Task prompt:
An exact transcription of the entries is required, with no images included.

Dataset entries:
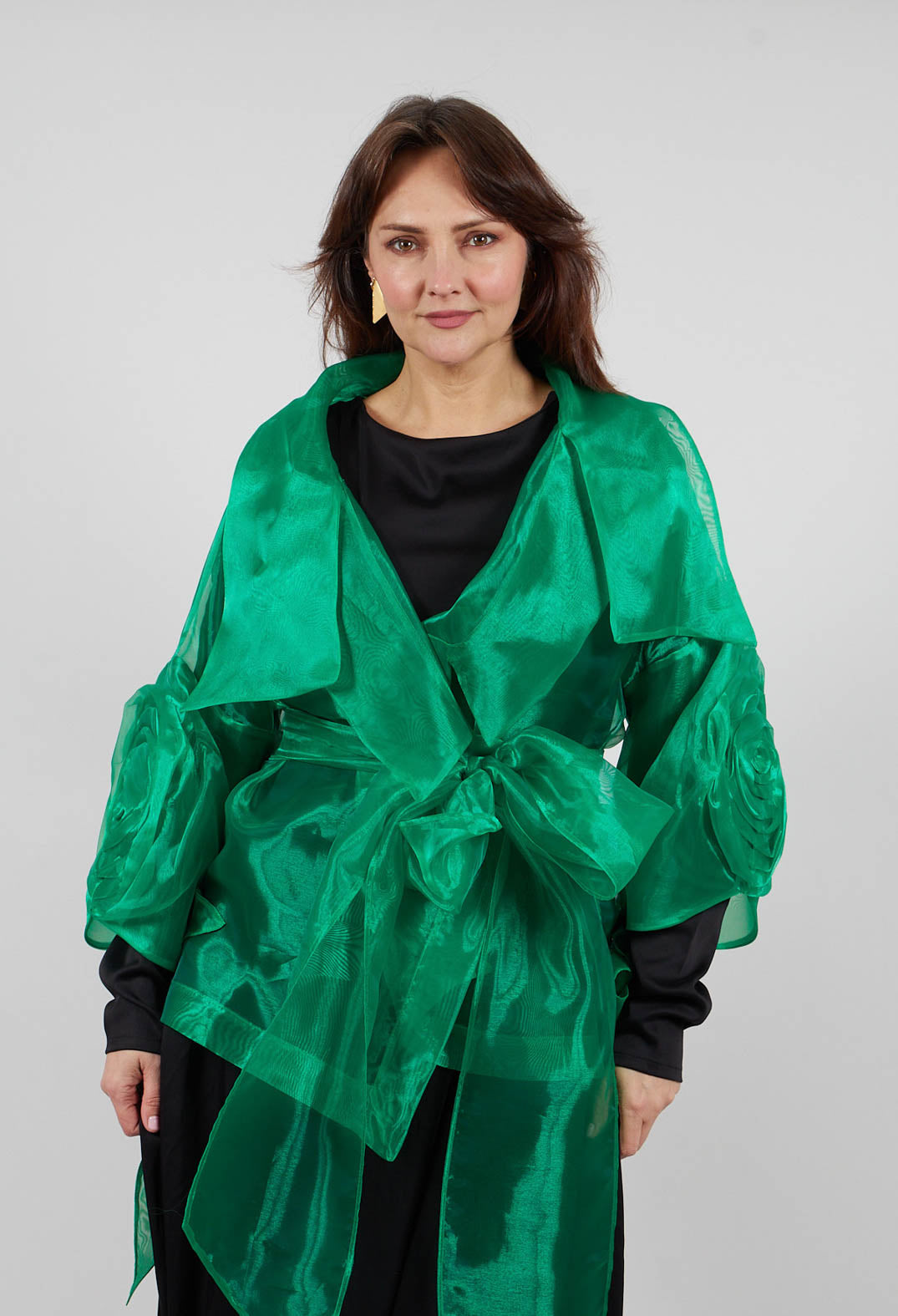 Sheer Jacket in Green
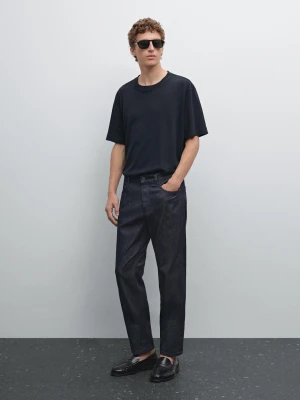 Lekkie Jeansy O Kroju Slim - Granatowy - - Massimo Dutti - Mężczyzna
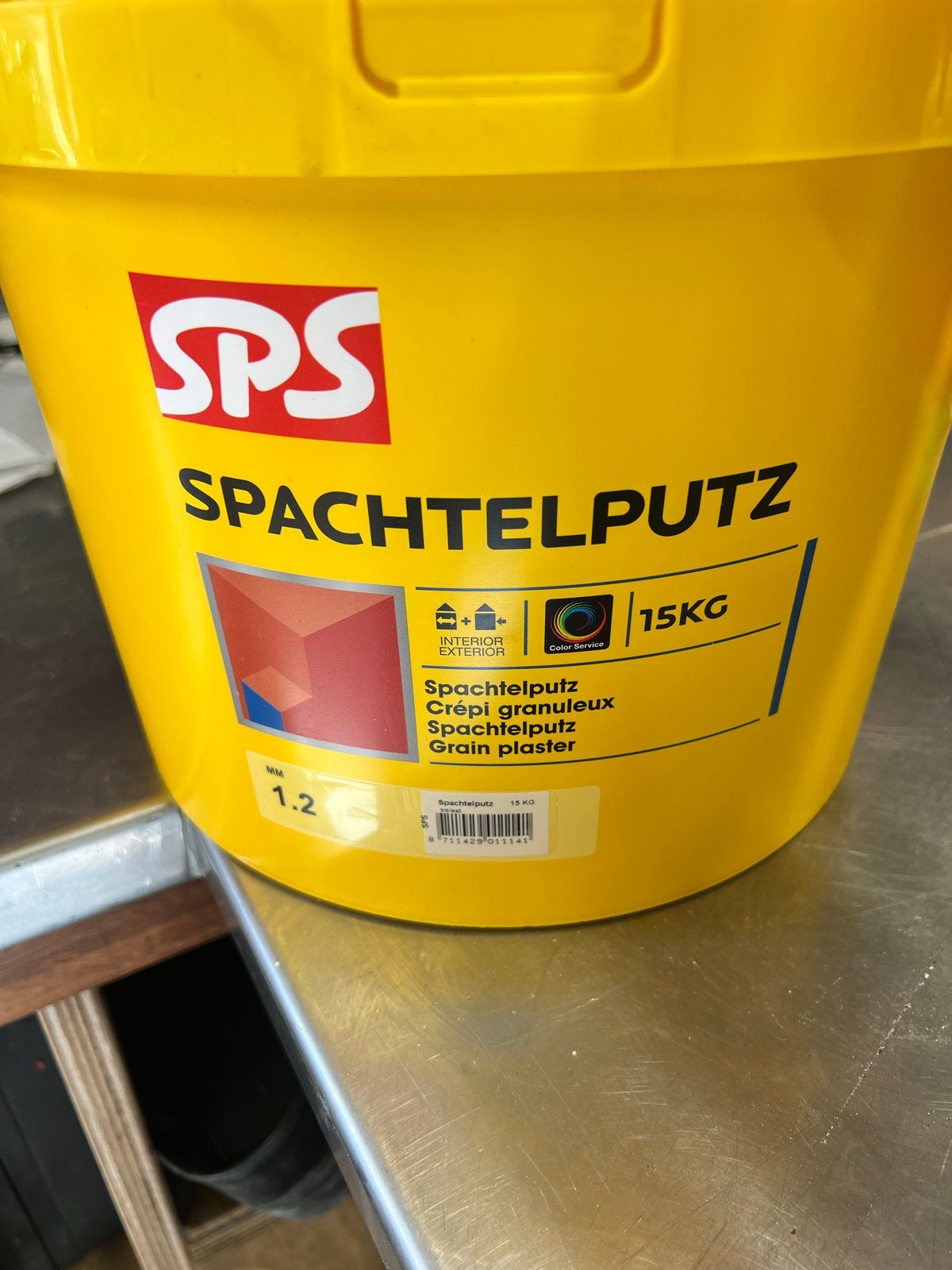 SPS Spachtelputz 15KG en Putz-Grund 10L, Ophalen, Wit, Nieuw, Verf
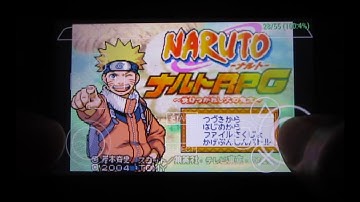 [Android][ARMV7][gpSP] PPSSPP v0.9.9 - Naruto RPG: Uketsugareshi Hi no Ishi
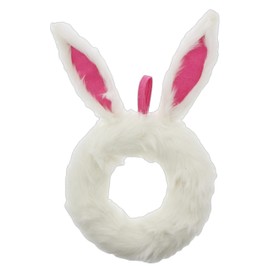 The Bridge Collection Furry Bunny Ears Wreath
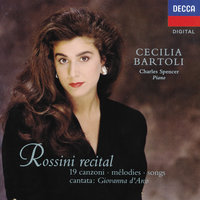 Rossini: Canzonetta spagnuola "En medio a mis colores" - Cecilia Bartoli, Charles Spencer, Джоаккино Россини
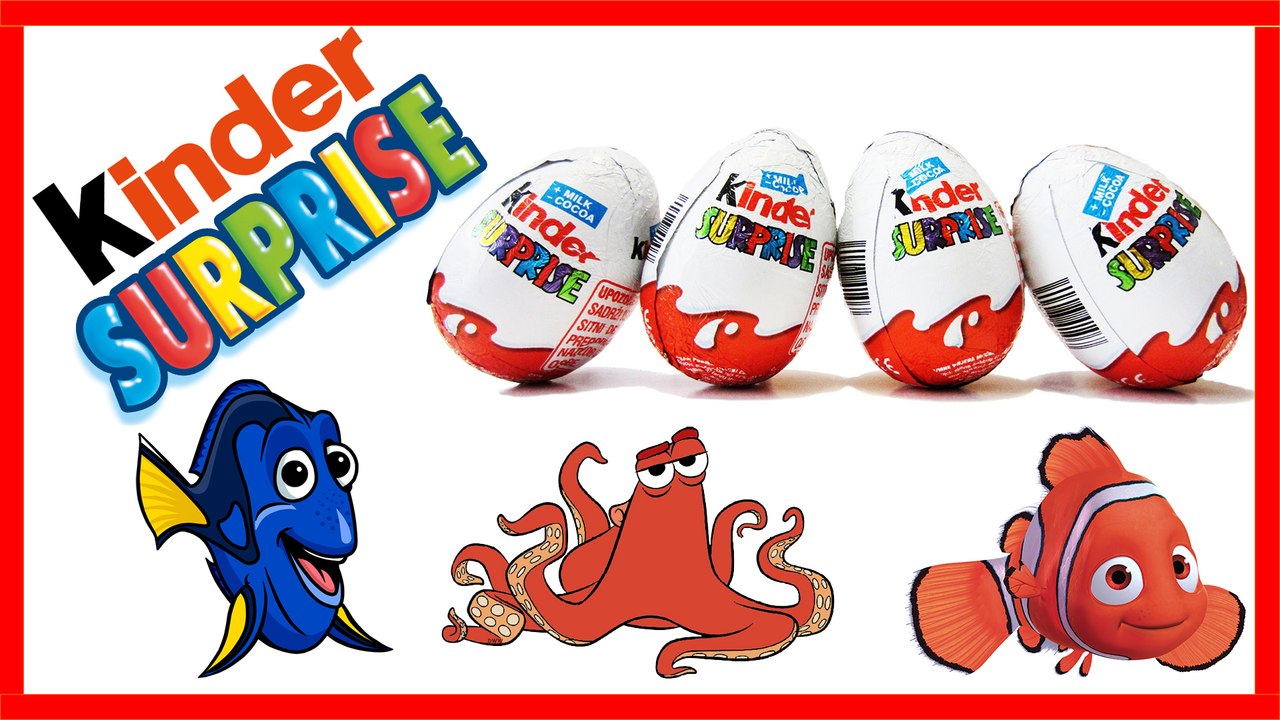Kayıp Balık Dori Sürpriz Yumurta Açma Finding Dory Surprise Eggs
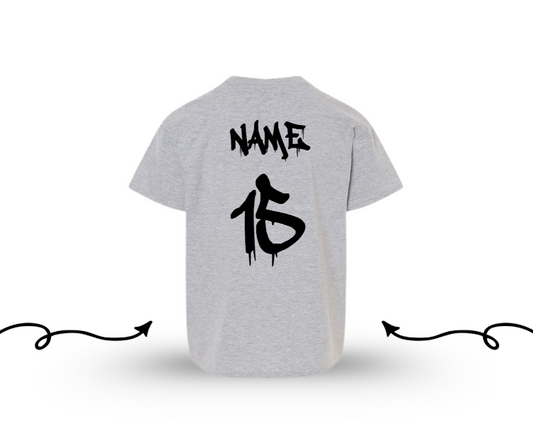 ADD Name and Number to back of Apparel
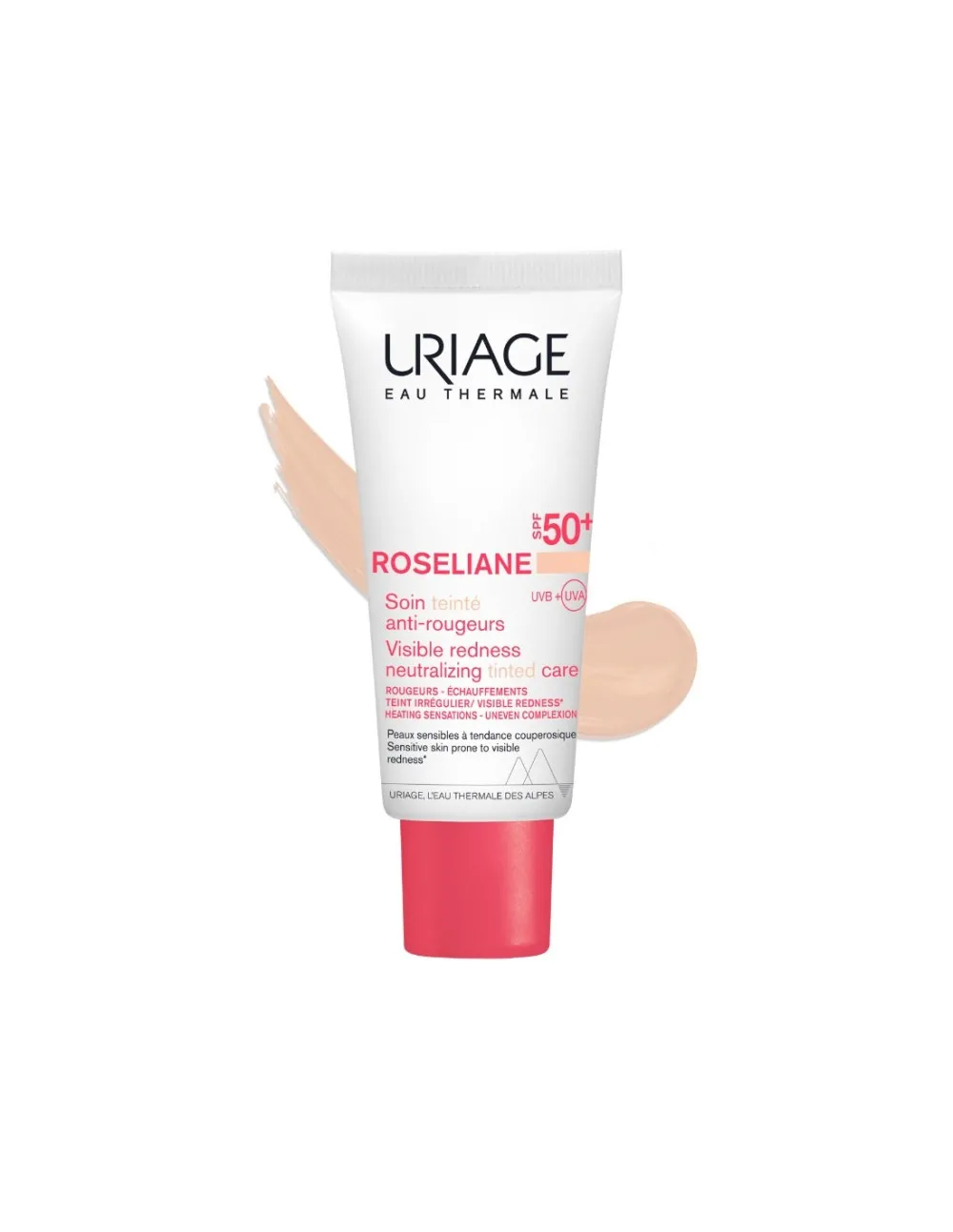 Crema CC anti-roseata cu SPF 50+ Roseliane, 40ml, Uriage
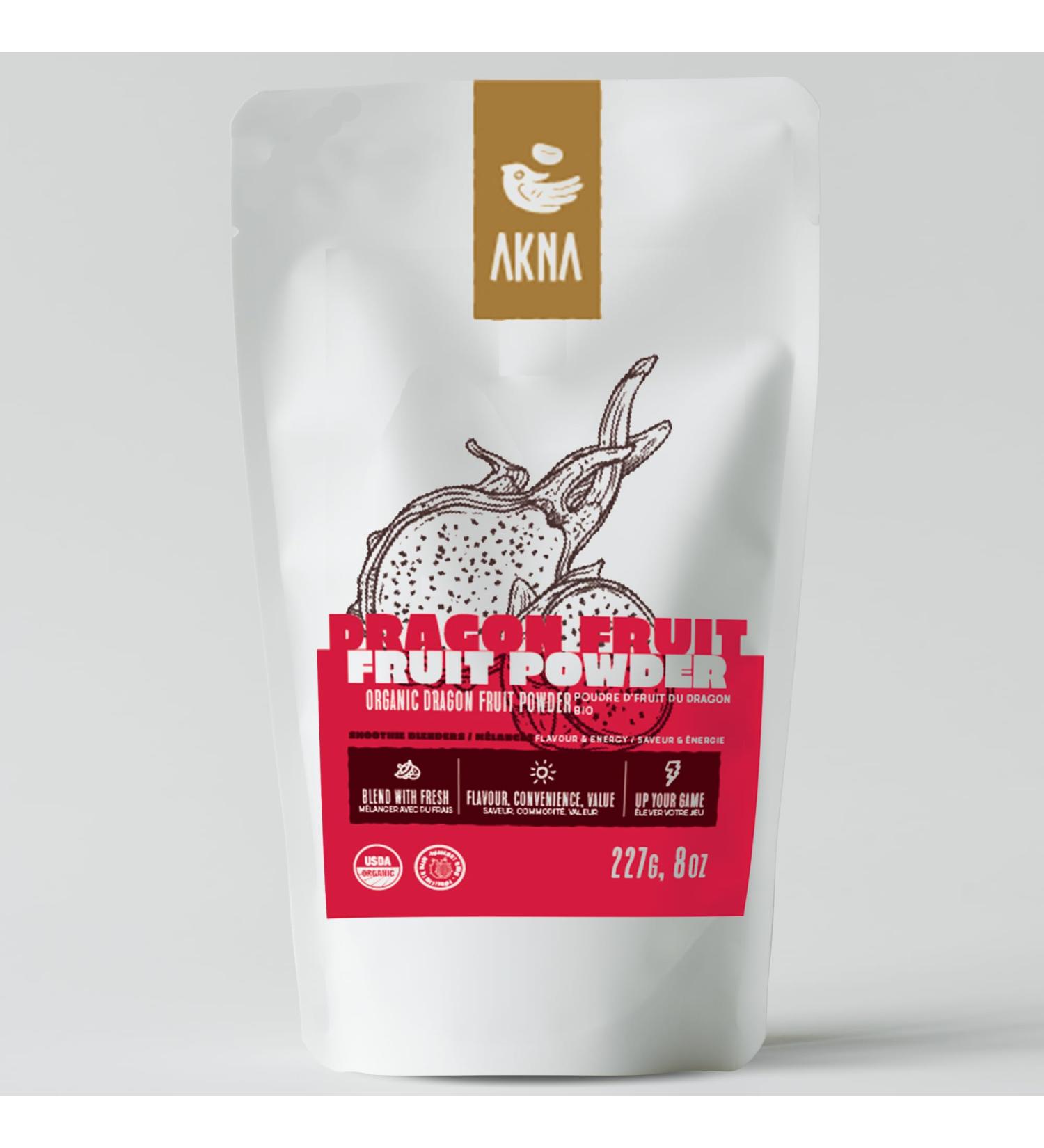 AKNA Organic Dragon Fruit Powder 227g Resealable Bag - Buy Online on GoSupps.com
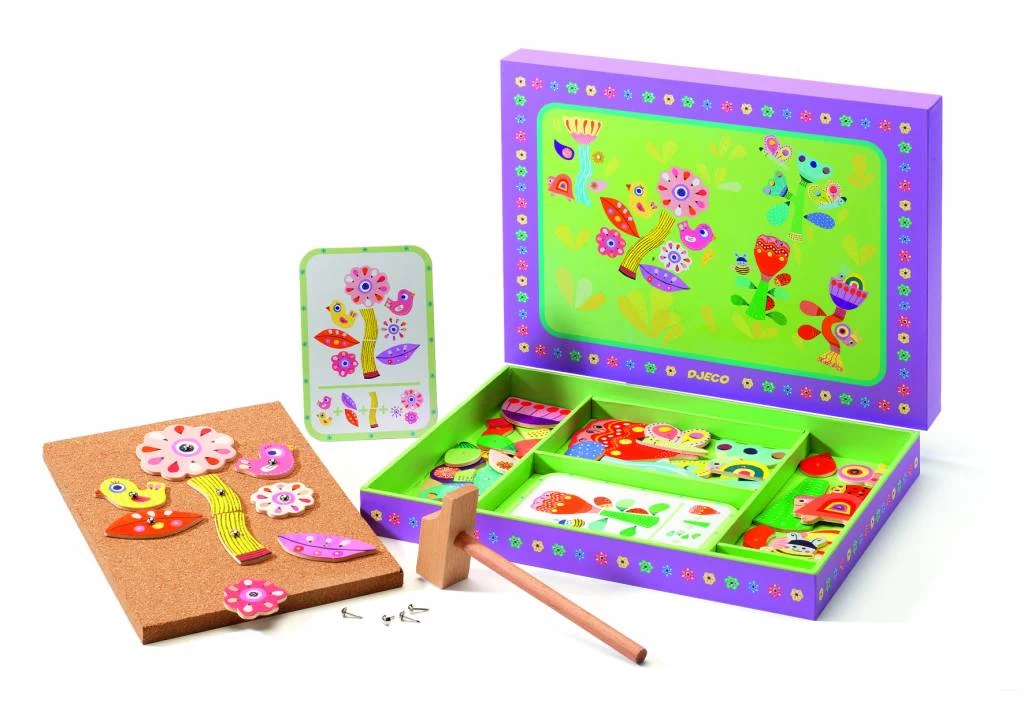 Djeco Hamertje Tik 'Bloementuin' 1 Djeco Hamertje Tik 'Bloementuin'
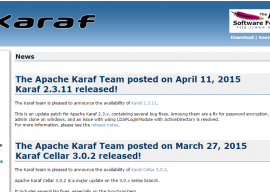 Apache Karaf 2.3.11 发布 轻量级 OSGi 容器 2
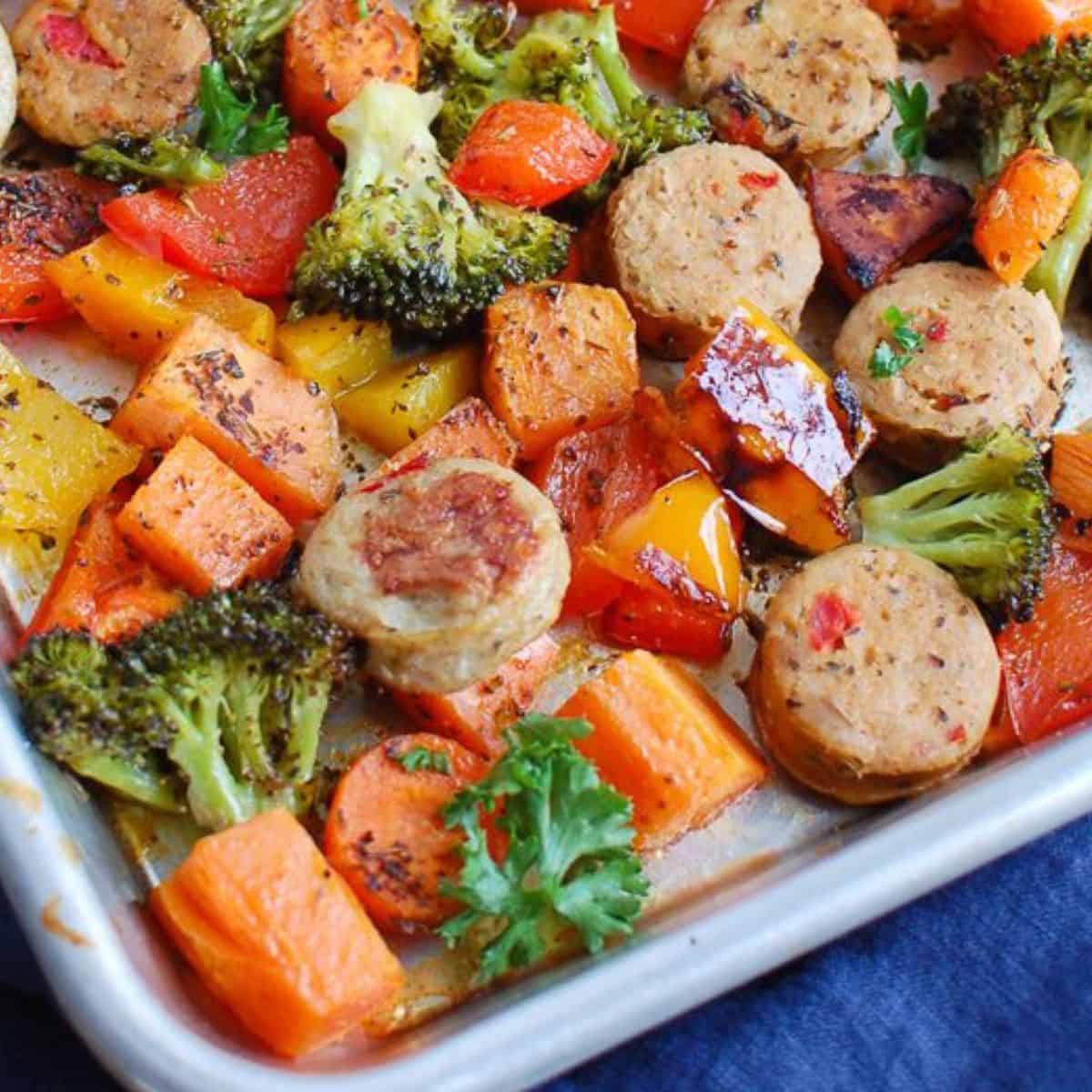 Sheet Pan Chicken Sausage and Vegetables
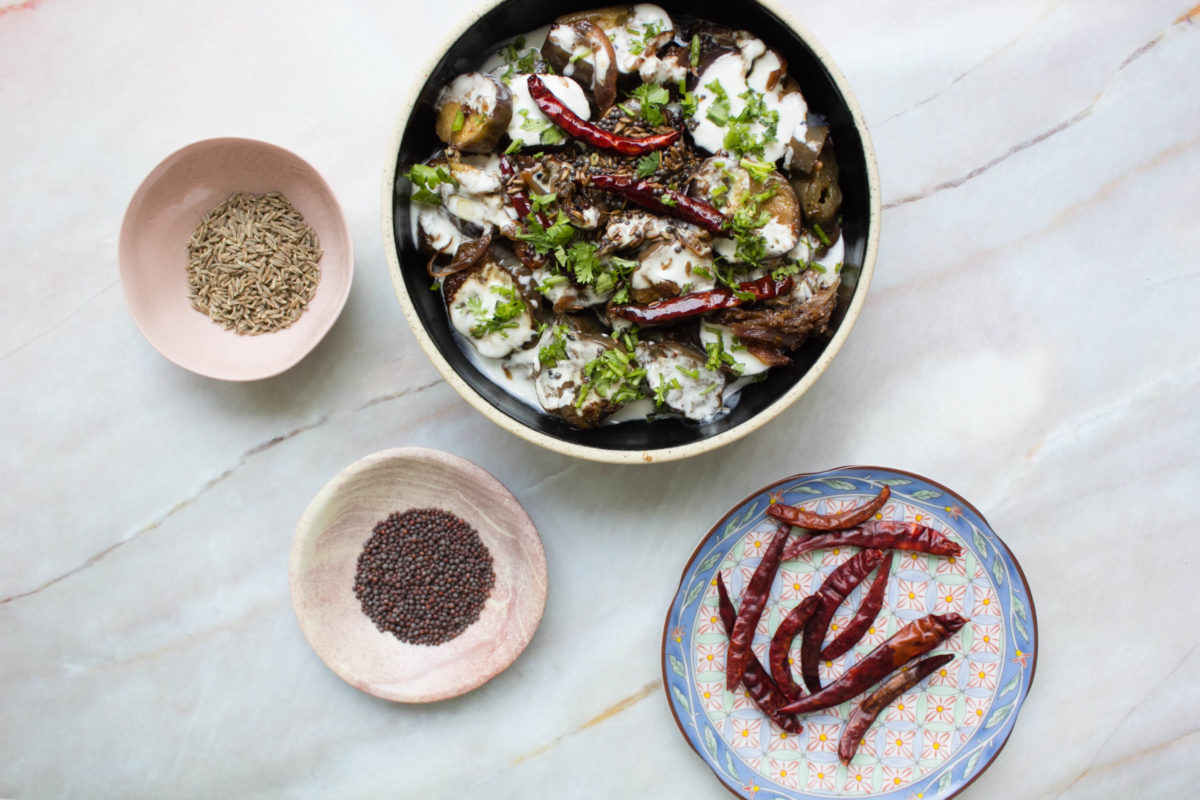 Nevine's Bagara Baingan (Eggplant with Tempering) - Pakistan Eats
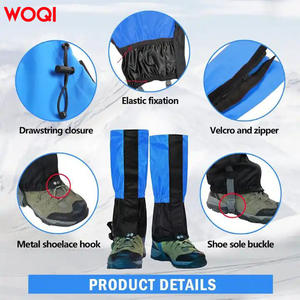 Protège-jambes imperméables Woqi pour la randonnée, l'alpinisme, le camping, la protection en plein air, mollets d'adultes, polyester - Product Image 5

Answer below:
 Sheer Jacket in Green
 Lekkie Jeansy O Kroju Slim - Granatowy - - Massimo Dutti - Mężczyzna
 SPS Spachtelputz 15KG en Putz-Grund 10L, Ophalen, Wit, Nieuw, Verf
 [Android][ARMV7][gpSP] PPSSPP v0.9.9 - Naruto RPG: Uketsugareshi Hi no Ishi
 The Bridge Collection Furry Bunny Ears Wreath
 Rossini: Canzonetta spagnuola "En medio a mis colores" - Cecilia Bartoli, Charles Spencer, Джоаккино Россини
Kayıp Balık Dori Sürpriz Yumurta Açma Finding Dory Surprise Eggs
 ADD Name and Number to back of Apparel
 Crema CC anti-roseata cu SPF 50+ Roseliane, 40ml, Uriage
 AKNA Organic Dragon Fruit Powder 227g Resealable Bag - Buy Online on GoSupps.com
 Djeco Hamertje Tik 'Bloementuin' 1 Djeco Hamertje Tik 'Bloementuin'
 Apache Karaf 2.3.11 发布 轻量级 OSGi 容器 2
 Sheet Pan Chicken Sausage and Vegetables
 Nevine's Bagara Baingan (Eggplant with Tempering) - Pakistan Eats
 Protège-jambes imperméables Woqi pour la randonnée, l'alpinisme, le camping, la protection en plein air, mollets d'adultes, polyester - Product Image 5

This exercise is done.